With successful completion of this 2-year study, we expect a 
substantial improvement of the occupational health surveillance system 
for WTC responders.
    The World Trade Center (WTC) research team at the North Shore-LIJ 
Health System is seeking to evaluate the impact of using modified 
survey questions versus standard questions when participant responses 
from the WTC and general populations are compared.
    The WTC Health Program has been collecting self-reported health 
information for medical monitoring purposes. Initially, the questions 
were derived from multiple standard general population surveys, such as 
the National Health and Nutrition Examination Survey (NHANES) and the 
National Health Interview Survey (NHIS). However, certain questions 
were modified from their standard versions, and we would like to 
determine whether these modifications may lead study participants to 
answer differently.
    CDC requests Office of Management and Budget (OMB) approval to 
collect information from an anonymous (no personal information will be 
collected) and voluntary questionnaire, in order to test this research 
question. We will compare participant responses to a short 
questionnaire (approximately two pages of main content) which will 
contain both the modified and standard questions.
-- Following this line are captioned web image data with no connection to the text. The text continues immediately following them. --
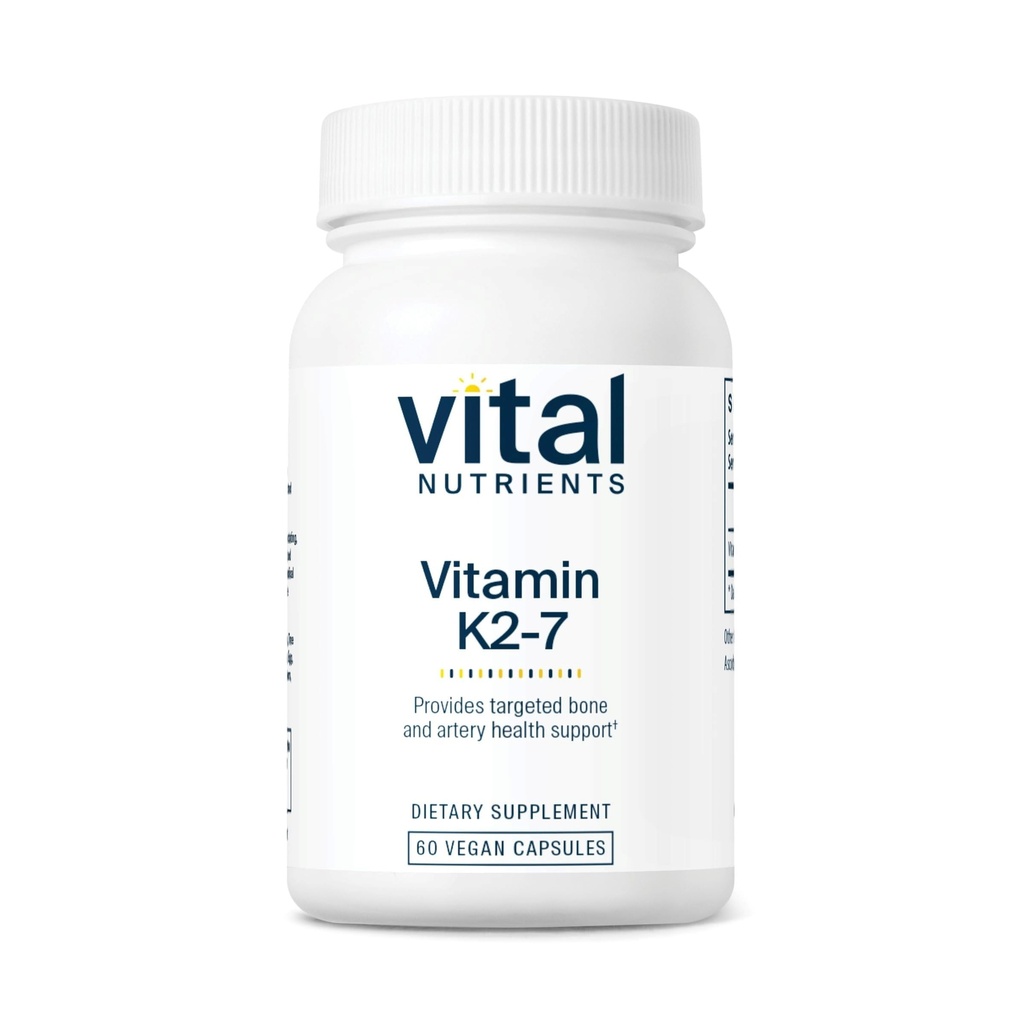 Elutähtsad toitained Vitamiin K2-7 | soodustab südame-veresoonkonna, südame, luude tervist * | K2-vitamiin + MK7 | Vegan-K-vitamiini lisand | Gluteen, piim, sojavaba | Mitte-GMO | 60 kapslit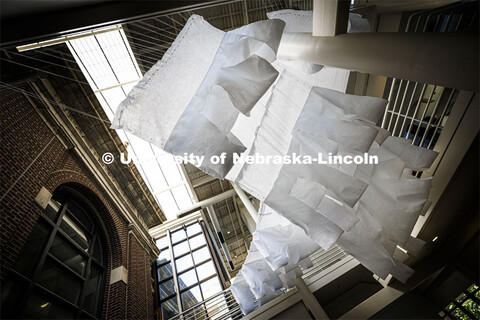 Cloth sculpture by Nate Bicak, associate professor of interior design, hanging in the College of Arc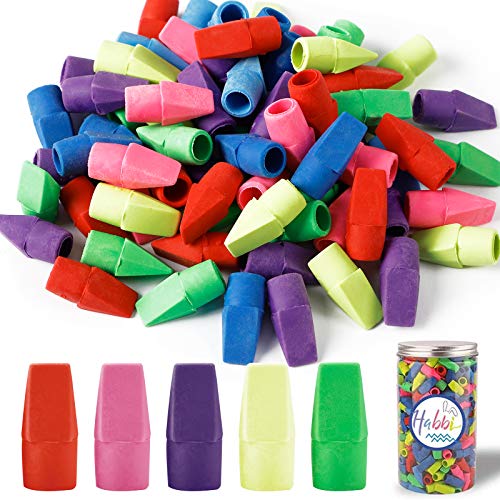 Book Cover Habbi 300pcs Pencil Top Erasers, Cap Erasers, Assorted Colors Pencil Eraser Toppers, Pencil Erasers for Kids, School Supplies for Classroom and Teachers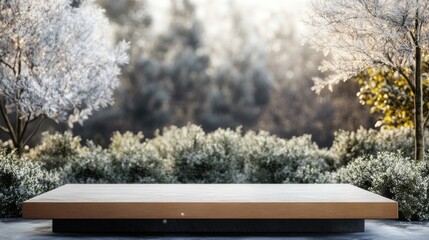 Aufkleber - Empty wooden platform in a frosty winter park.
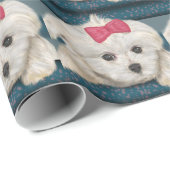 Maltese hond met Kreme Fur en rood lint Cadeaupapier (Rol Hoek)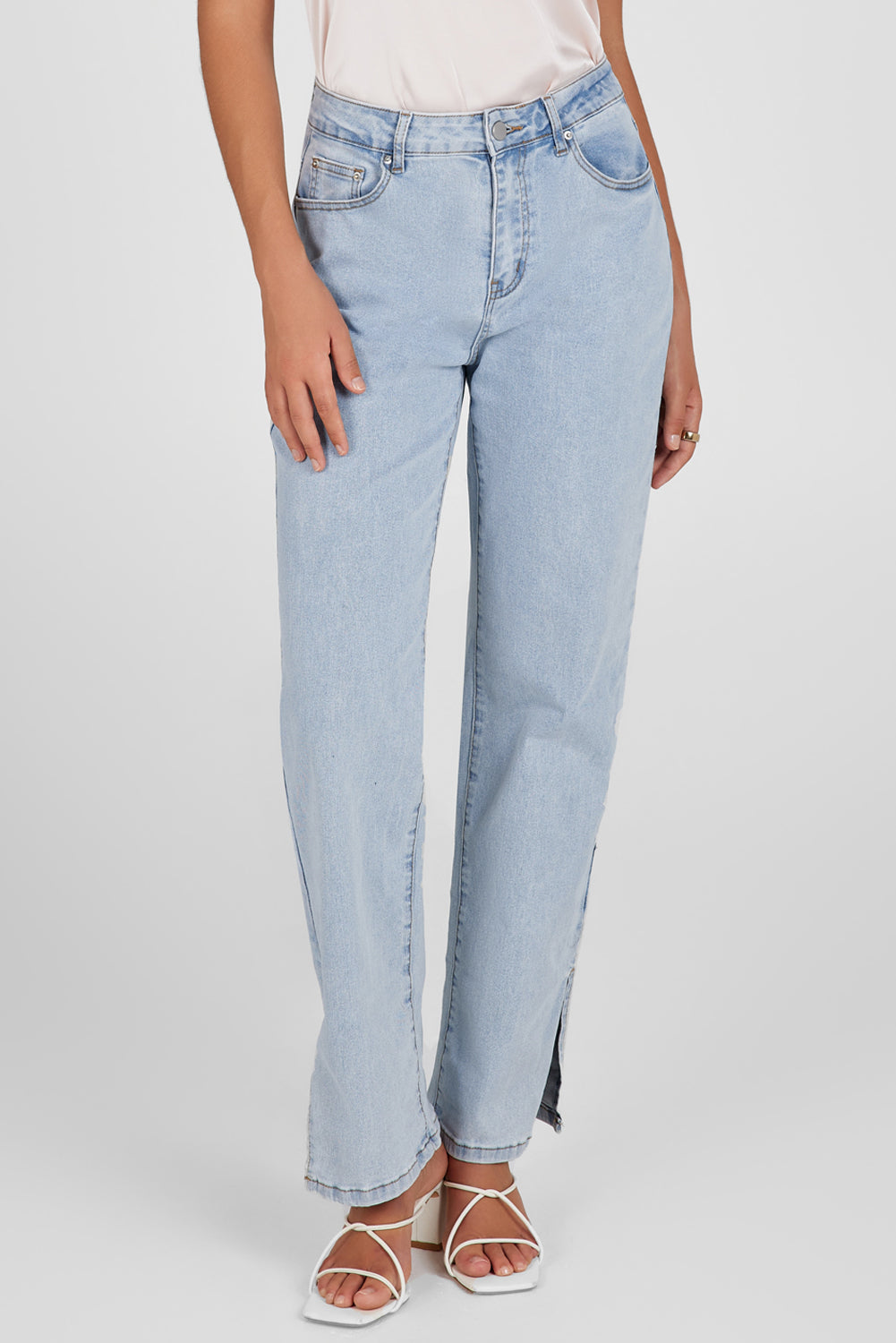 Sky Blue High Rise Slit Anklet Flare Jeans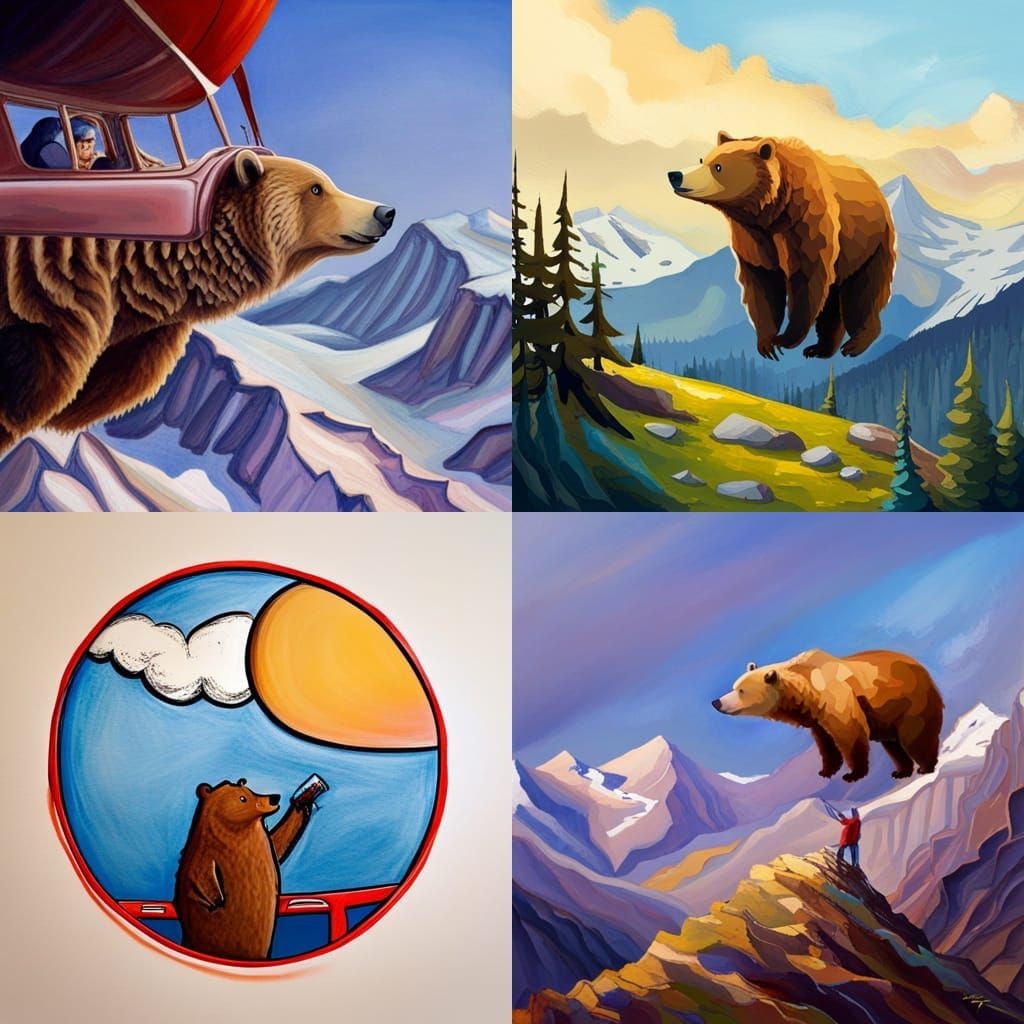 Grizzly Bear Piloting an Airplane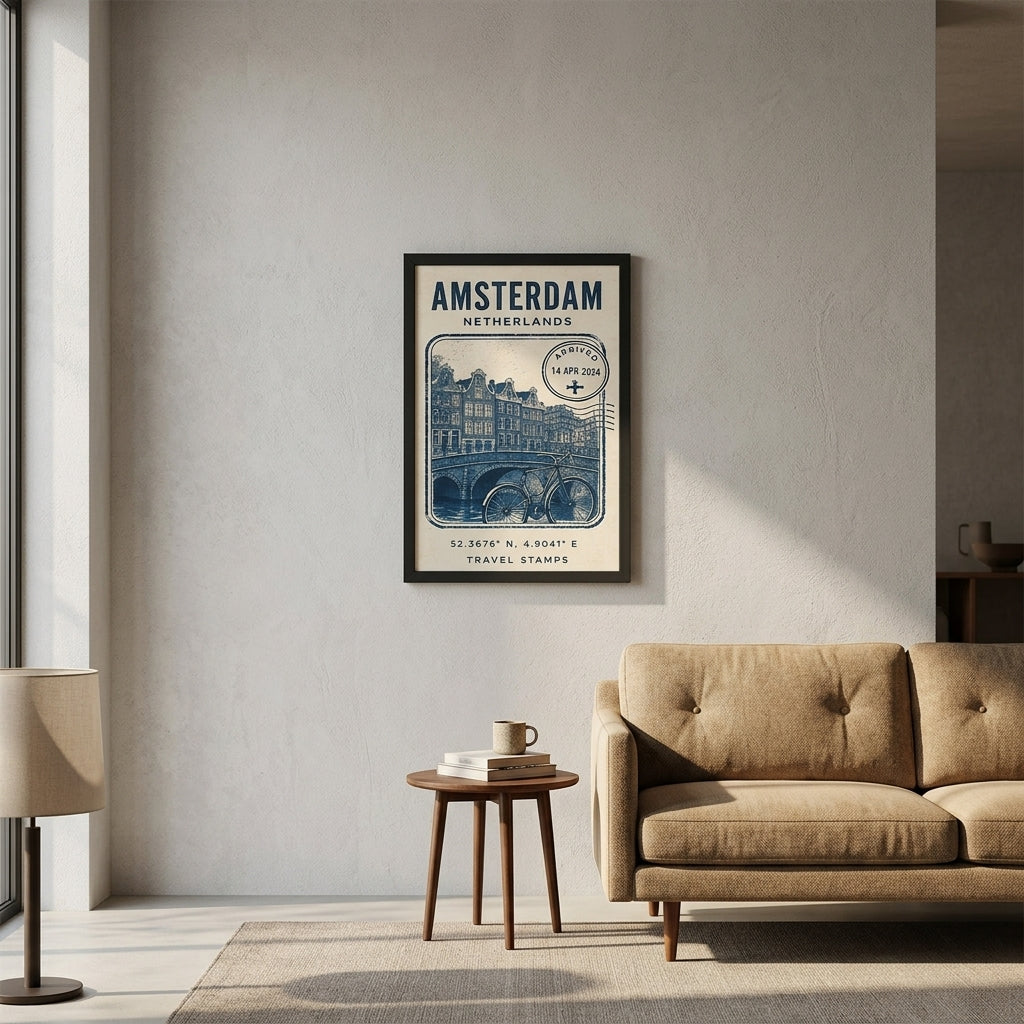 Amsterdam'da Bir Anı – Vintage Çerçeveli Poster — Siyah — Paspartusuz — TabloLab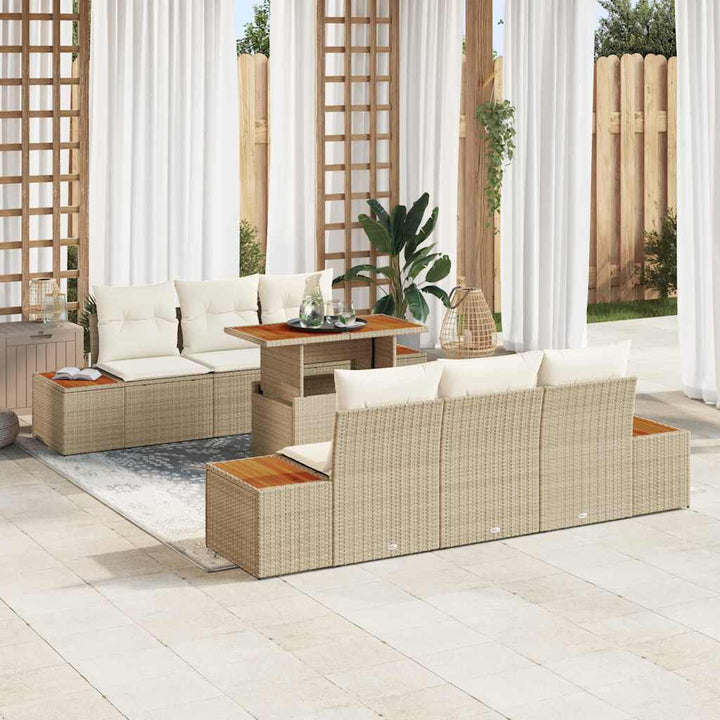 Havesofa Sæt 7 stk. Beige og creme
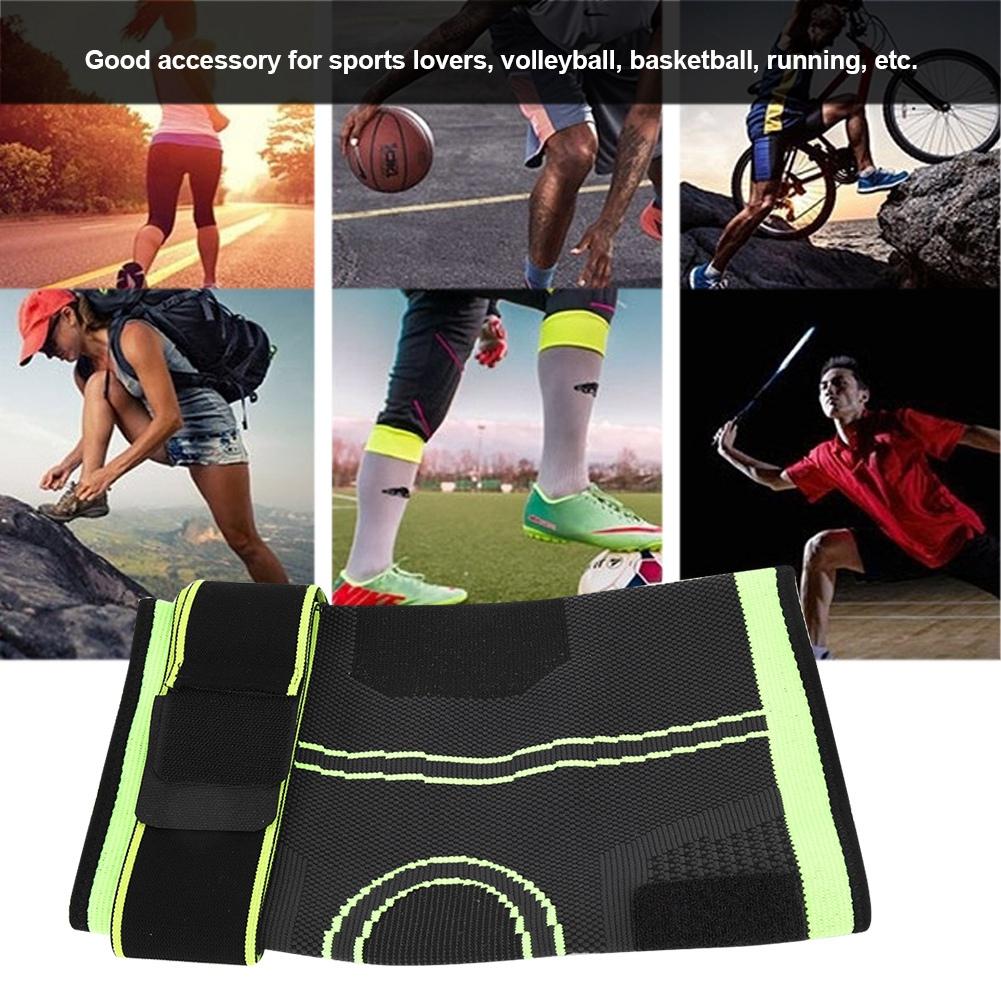 Knee Support Brace Guard Adjustable Band Knees Sleeve Protector Outdoor Indoor Sports Green L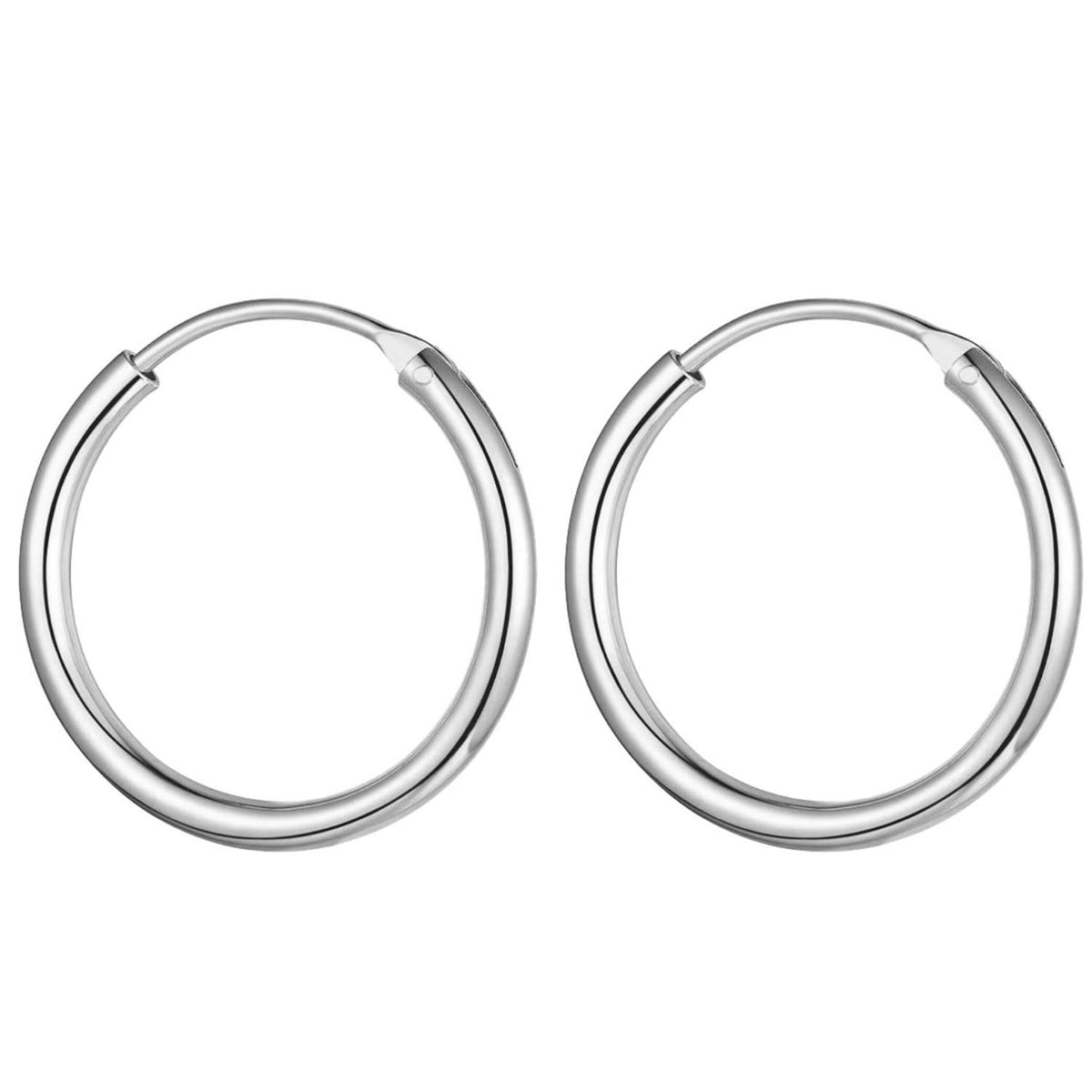 Sterling Silver Hoop Earrings: Huggie Sleeper Style (8mm-60mm)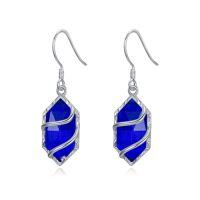 wholesale 925 Sterling Silver Earrings For Women Hexagon Gemstone Drop Dangle Earrings Fine Jewelry Birthday Christmas Gifts For Women Her -color_name:Sapphire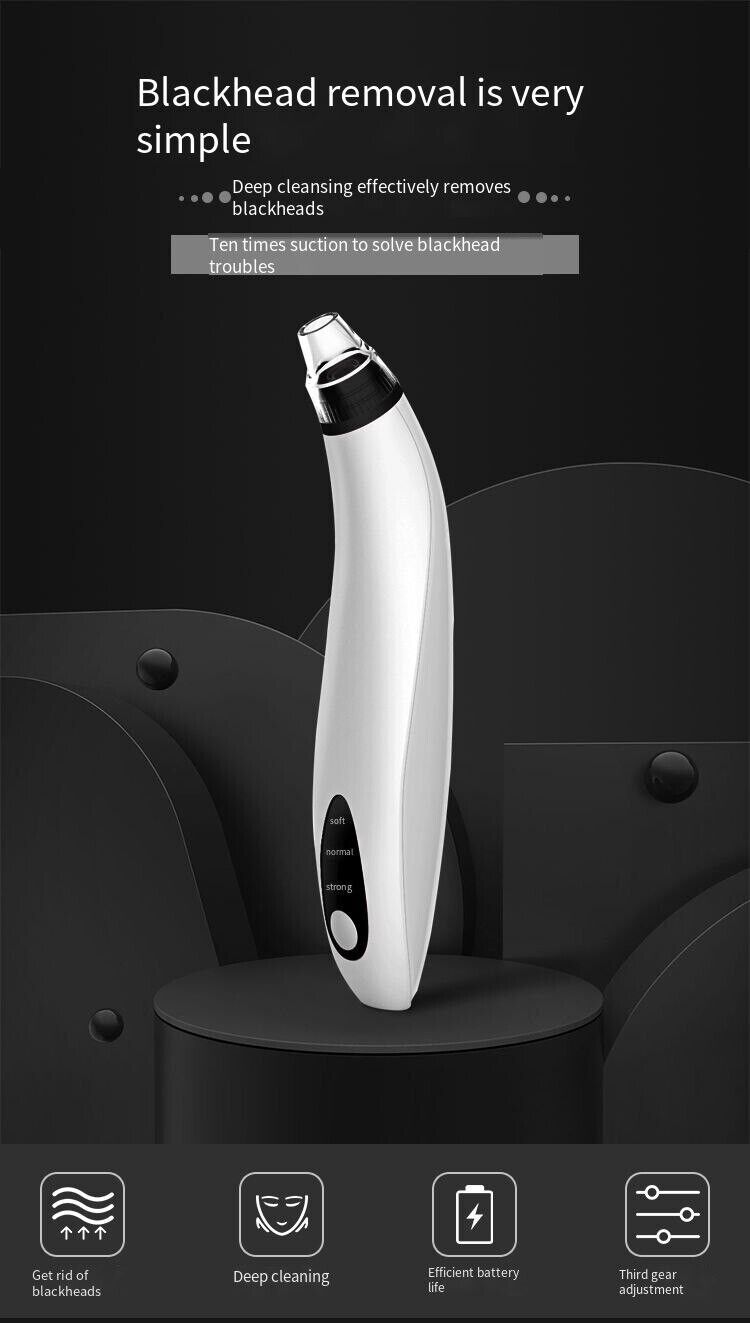 Pore Vacuum Blackhead Remover – USA Fast Shipping, 3 Speeds + 3 Heads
    The total estimated burden for the one-time completion of the 
anonymous questionnaire is 50 hours (600 respondents x 5 minutes each). 
Blank questionnaires will be placed in the waiting area of the Queens 
WTC Clinical Center of Excellence at Long Island Jewish Medical Center/
Queens College (Queens WTC Clinical Centers of Excellence). There will 
be no verbal solicitation for participation; however, we will post a 
written advertisement in the waiting area of the clinic.
    CDC anticipates that questionnaire collection will take place from 
December 2014-December 2015. The total estimated annualized burden 
hours are 50.
    There are no costs to respondents other than their time.

                                        Estimated Annualized Burden Hours
----------------------------------------------------------------------------------------------------------------
                                                                   Number of      Average burden
     Type of respondents         Form name        Number of      responses per     per response    Total burden
                                                 respondents       respondent       (in hrs.)        (in hrs.)
----------------------------------------------------------------------------------------------------------------
Individual WTC Responders...  Health and                  600                1             5/60               50
                               Socioeconomic
                               Sequelae of
                               the WTC
                               Disaster among
                               Responders.
                                              ------------------------------------------------------------------
    Total...................  ...............  ...............  ...............  ...............              50
----------------------------------------------------------------------------------------------------------------


LeRoy Richardson,
Chief, Information Collection Review Office, Office of Scientific 
Integrity, Office of the Associate Director for Science, Office of the 
Director, Centers for Disease Control and Prevention.